Forgive the sarcasm, but I'm really put off by the aggressive weak-to-strong generalizations that are going on here. I'm also very excited about AI, but I don't understand how lines like,
>> But at least within many current domains, more compute seems to lead predictably to better performance, and is often complementary to algorithmic advances.
can be extrapolated to anything more than a fun conversation to have over drinks, or the plot for a bad sci-fi movie about AI (which, to be fair, are also quite prevalent in the current zeitgeist). We're definitely at a new tier of "kinds of problems computers can solve", but surely experience and history in this space should tell us that we need to expect massive, seemingly insurmountable plateaus before we see the next tier of growth, and that that next tier will be much more a matter of paradigm shift than of growth on a line.

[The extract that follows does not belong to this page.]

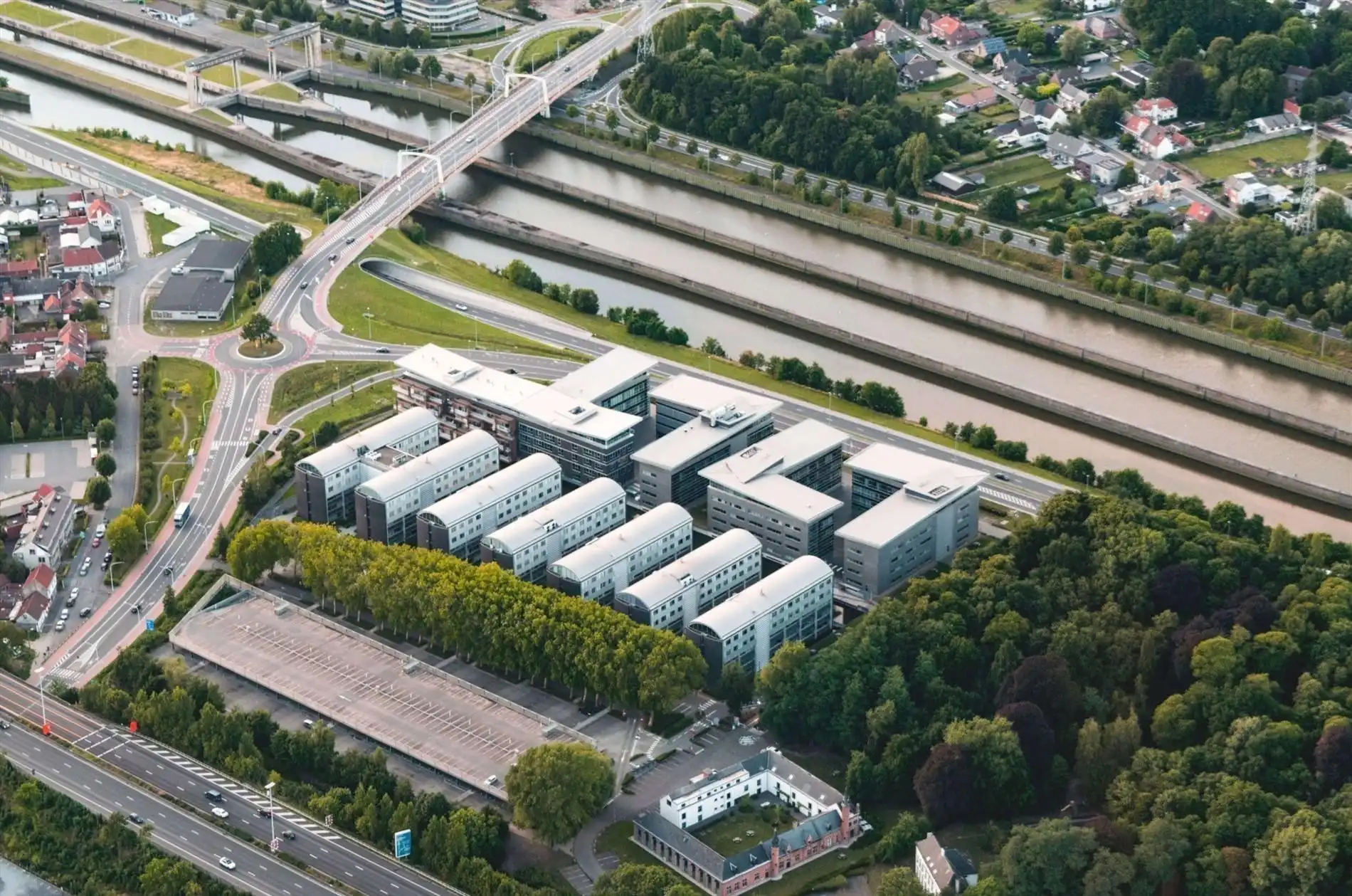 Landschapskantoor te huur in Axxes Business Park in Merelbeke foto 22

The systems on this graph all do different things in different ways. It's one thing to abstract over compute power via something like Moore's Law, or societal complexity via the Kardashev scale. But I think we need a much more nuanced set of metrics to provide any kind of insight in to the various AI techniques. Or an entirely different way of looking at 'intelligence'
What I read from this article is that we're currently in a trend where the more compute you throw at machine learning, the better solutions you end up with. Nothing about general AI, it's just that you can train deeper, more complex neural networks that can handle broader and more complex versions of the problems they're designed to handle.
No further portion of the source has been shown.